- Try it
With pictures left out, output exactly the lines of the listing below from the line that has "China Polyester 2021" to the line that has "A man in outdoor", both lines kept.

- Information supplied
-.-.-

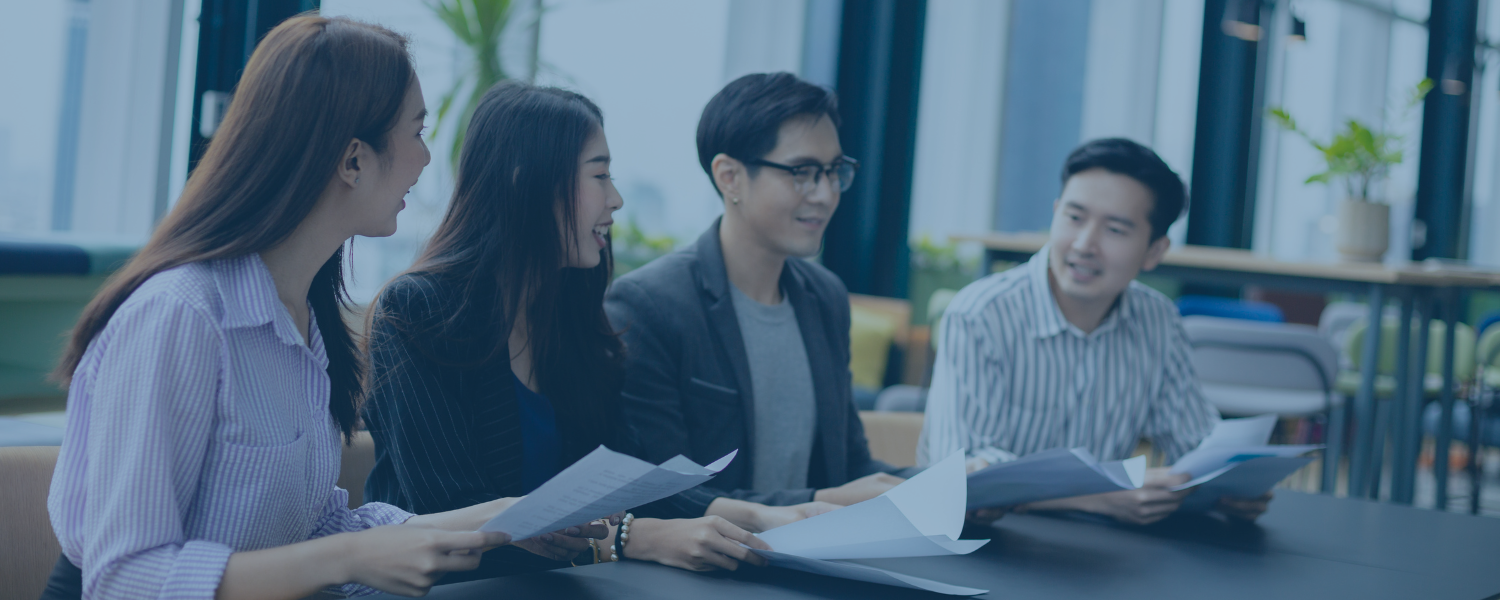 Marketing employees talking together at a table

-.-.-

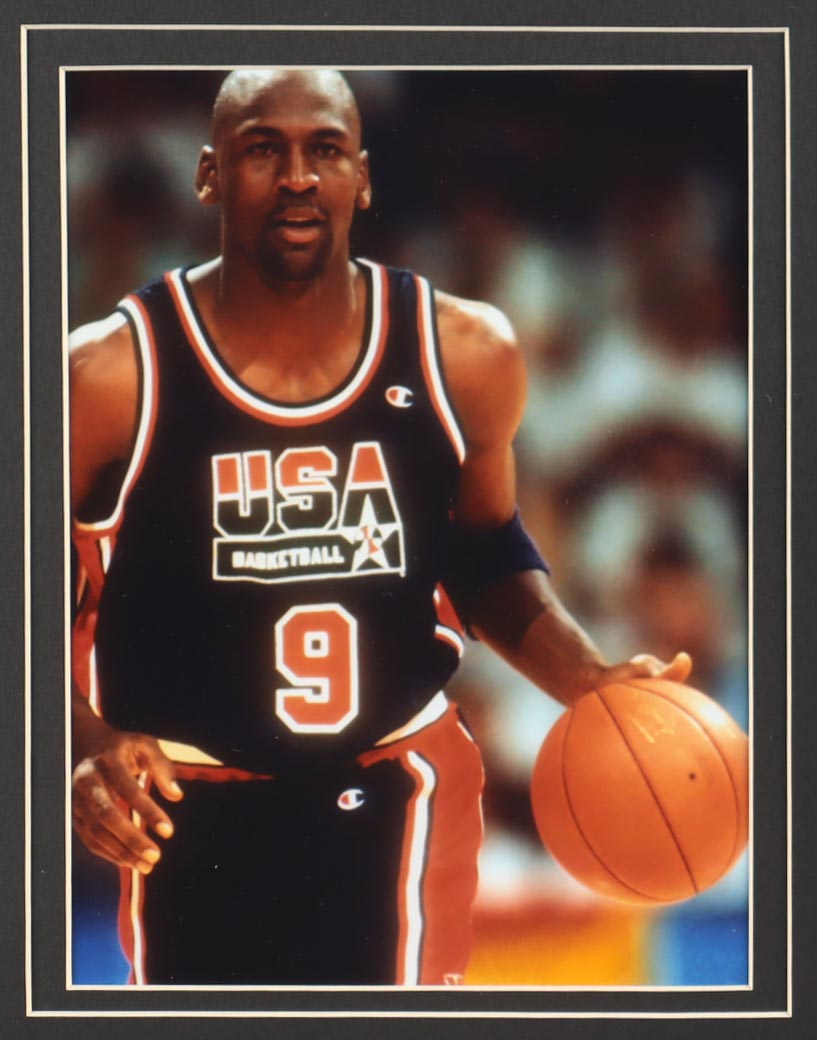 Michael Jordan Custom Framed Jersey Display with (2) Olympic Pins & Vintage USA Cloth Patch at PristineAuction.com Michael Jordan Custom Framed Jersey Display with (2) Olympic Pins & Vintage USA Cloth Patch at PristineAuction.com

-.-.-

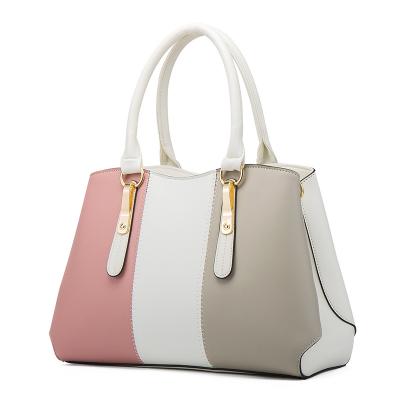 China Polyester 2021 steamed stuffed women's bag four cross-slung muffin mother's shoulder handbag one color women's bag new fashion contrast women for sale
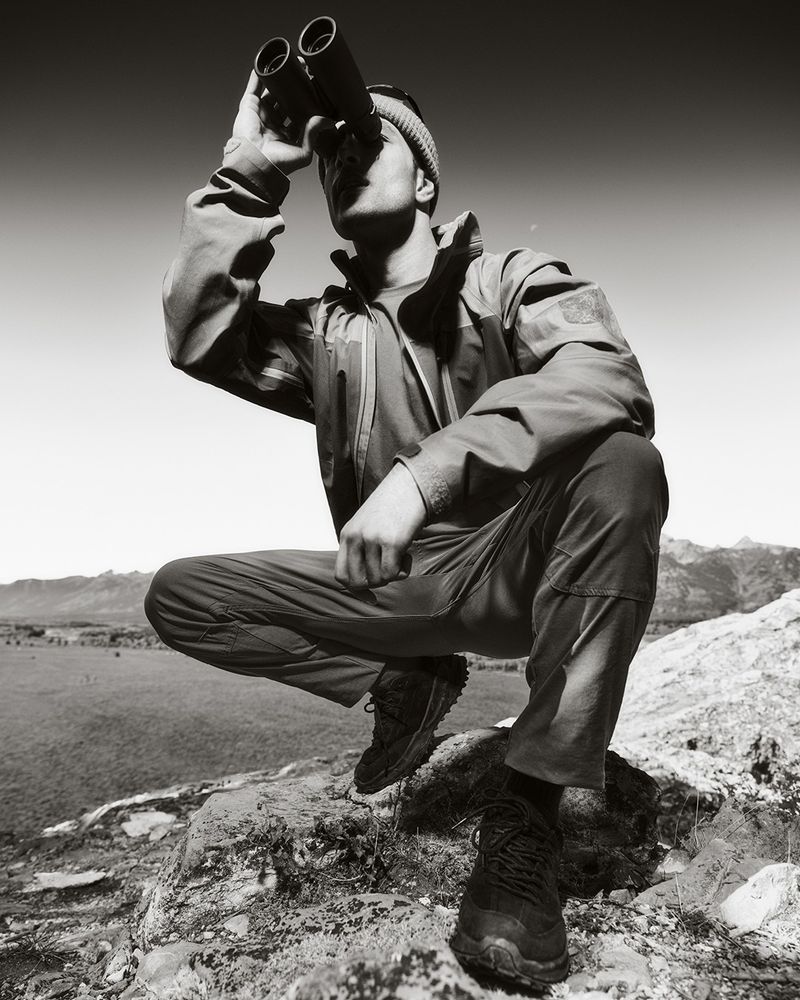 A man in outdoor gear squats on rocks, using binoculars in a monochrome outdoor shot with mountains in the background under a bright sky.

-.-.-

- The answer
 China Polyester 2021 steamed stuffed women's bag four cross-slung muffin mother's shoulder handbag one color women's bag new fashion contrast women for sale
 A man in outdoor gear squats on rocks, using binoculars in a monochrome outdoor shot with mountains in the background under a bright sky.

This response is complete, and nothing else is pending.